HOW TO COMPLETE THIS TASK
Transcribe the listing below exactly, without pictures.

PROVIDED RECORDS
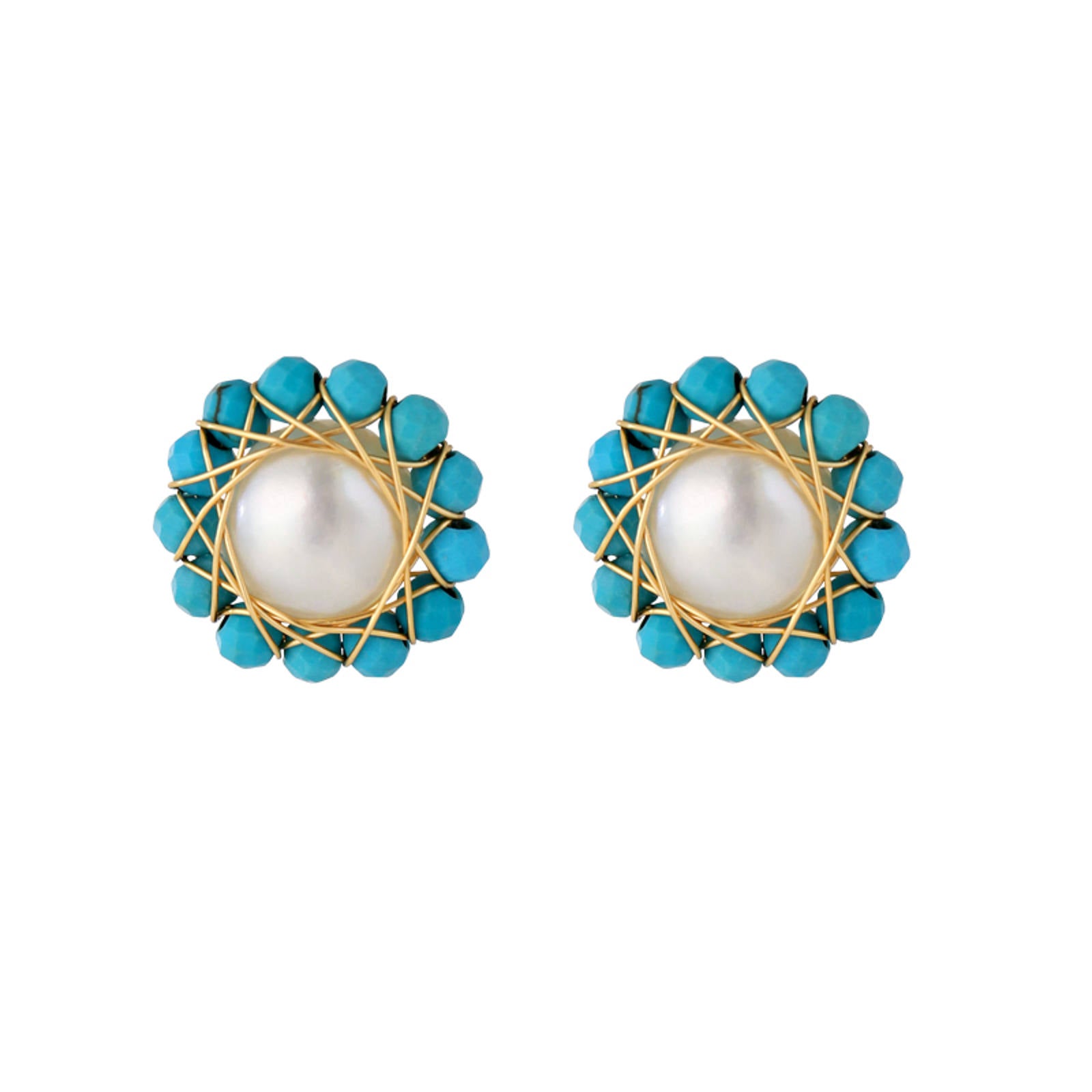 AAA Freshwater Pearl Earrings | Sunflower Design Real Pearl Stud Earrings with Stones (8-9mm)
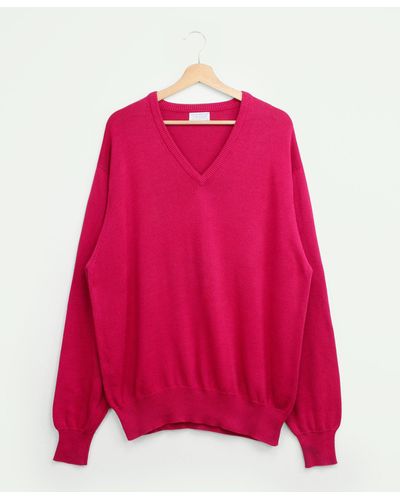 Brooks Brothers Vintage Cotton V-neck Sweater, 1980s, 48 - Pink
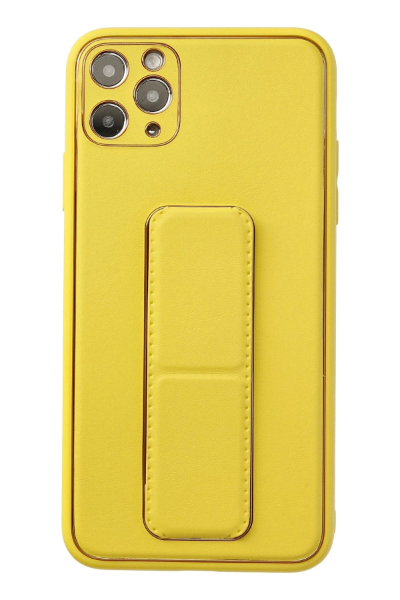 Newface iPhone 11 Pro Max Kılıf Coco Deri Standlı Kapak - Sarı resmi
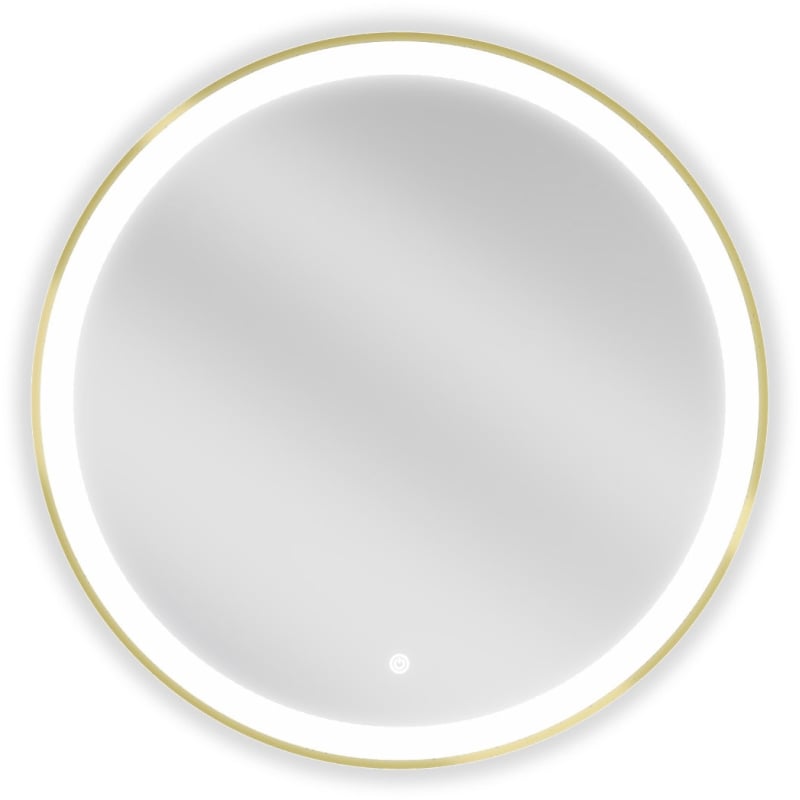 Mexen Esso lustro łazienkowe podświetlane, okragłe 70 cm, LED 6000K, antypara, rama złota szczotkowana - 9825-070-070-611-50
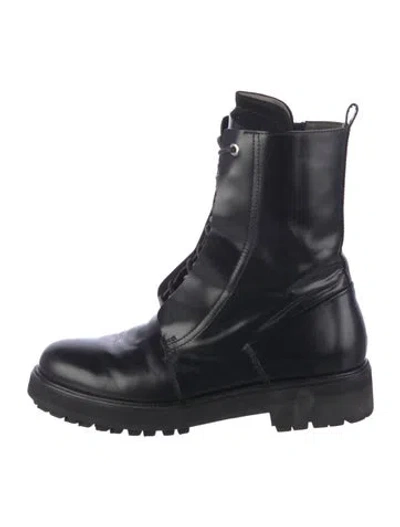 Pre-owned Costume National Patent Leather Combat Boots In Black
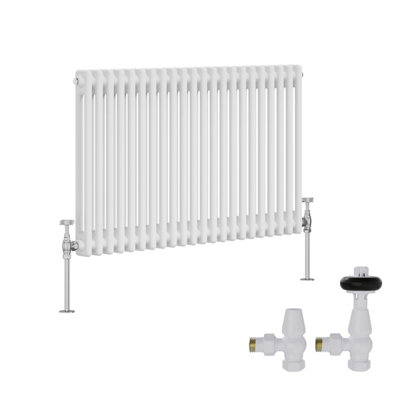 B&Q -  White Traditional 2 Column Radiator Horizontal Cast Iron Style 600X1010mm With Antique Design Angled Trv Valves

EXPECTED ANSWER
 AAA Freshwater Pearl Earrings | Sunflower Design Real Pearl Stud Earrings with Stones (8-9mm)
 Brooks Brothers Vintage Cotton V-neck Sweater, 1980s, 48 - Pink
 Newface iPhone 11 Pro Max Kılıf Coco Deri Standlı Kapak - Sarı resmi
 Mexen Esso lustro łazienkowe podświetlane, okragłe 70 cm, LED 6000K, antypara, rama złota szczotkowana - 9825-070-070-611-50
 Pre-owned Costume National Patent Leather Combat Boots In Black
 B&Q -  White Traditional 2 Column Radiator Horizontal Cast Iron Style 600X1010mm With Antique Design Angled Trv Valves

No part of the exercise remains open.